In other words, the scientific method is indispensable for investigating reality, but alone not enough. It is necessary, but not sufficient.
What then about supernaturalism? Well, once again my concern is its definition, which this time you don’t give. Without trying to put words in your mouth let me suggest a very general definition of supernaturalism as “a believe in subsistent reality that transcends nature and which can therefore not be investigated using the scientific method.” The main problem here is not the thought that there can be something that goes beyond nature, but rather how we can think of the supernatural without moving into dualism.
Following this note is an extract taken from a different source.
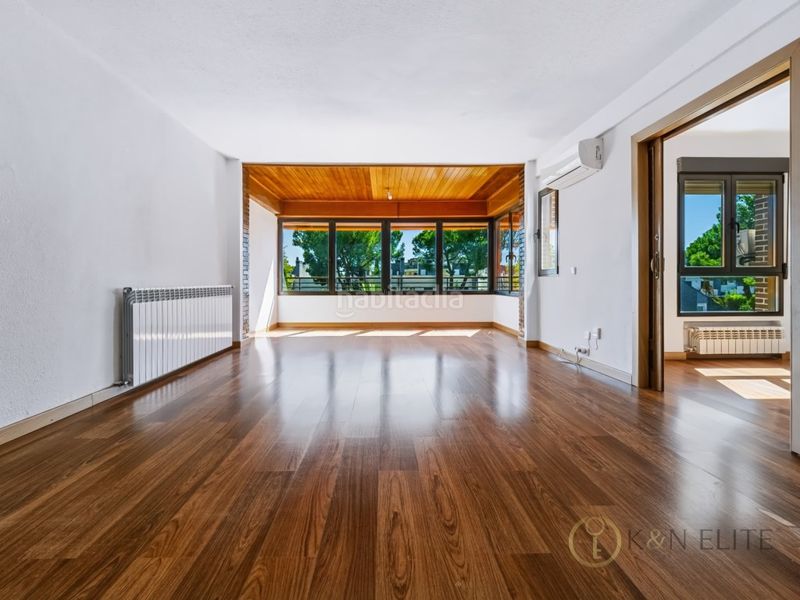 Foto 7ca140eb-e9d1-4984-8208-9b9b8d996a50. Rent flat with parking pool in Yucatán-La Cornisa Rozas de Madrid (Las)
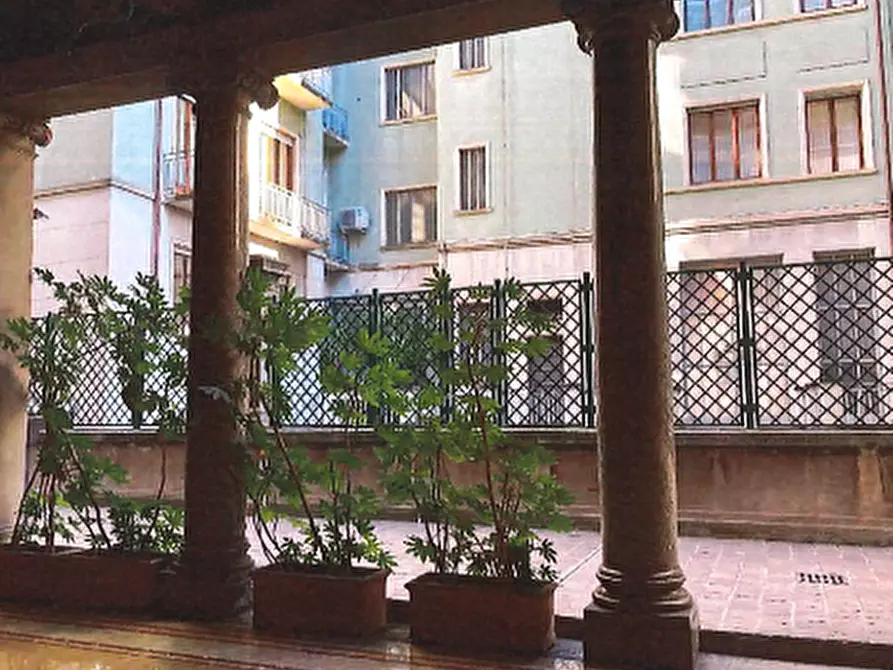 Immagine 12 di Appartamento in vendita  in Via Giosuè Carducci a Milano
As long as dualism is avoided, I can’t see any problem with notions of the supernatural – except for of course the obvious, namely that one does not believe in it. But that view is of course based on faith just as the belief in the existence of the supernatural.
To summarize then, I think that naturalism is highly problematic and that supernaturalism, if properly cast, is far less problematic.
- gribblingLv 71 decade ago
I think i'd agree with oputz that stating that the scientific method is the only or best method for investigating reality is inherently problematic.
However, this is the same problem that logic suffers from - you cannot establish it as being a valid investagatory method except by using it to validate itself, which just does not follow. It is effectively an article of faith ("I believe that the scientific method is the best one for investigating the universe").
That said - I have yet to hear of any acceptable suggested alternative.
Faith-based methods for classifying reality suffer from a worse problem: they are never validated, because validation requires evidence, which is not part of faith.
I'd say that neither is more fundamentally incorrect than the other, but that supernaturalism is just less *useful* in many instances.
- Geri42Lv 71 decade ago
Before I can answer this question intelligently you'll need to define both "naturalism" and "supernaturalism." What do these words mean? Are they some kind of religious belief?
Well, I guess it takes all kinds to make the world go 'round. Personally, I could care less which is which. However, to answer your question, I think both are legitimate entities. I've seen the natural, but I've experienced the 'supernatural.' They are both real, but with different functions.
- Anonymous1 decade ago
Which one is least like existentialism. That will be the more incorrect.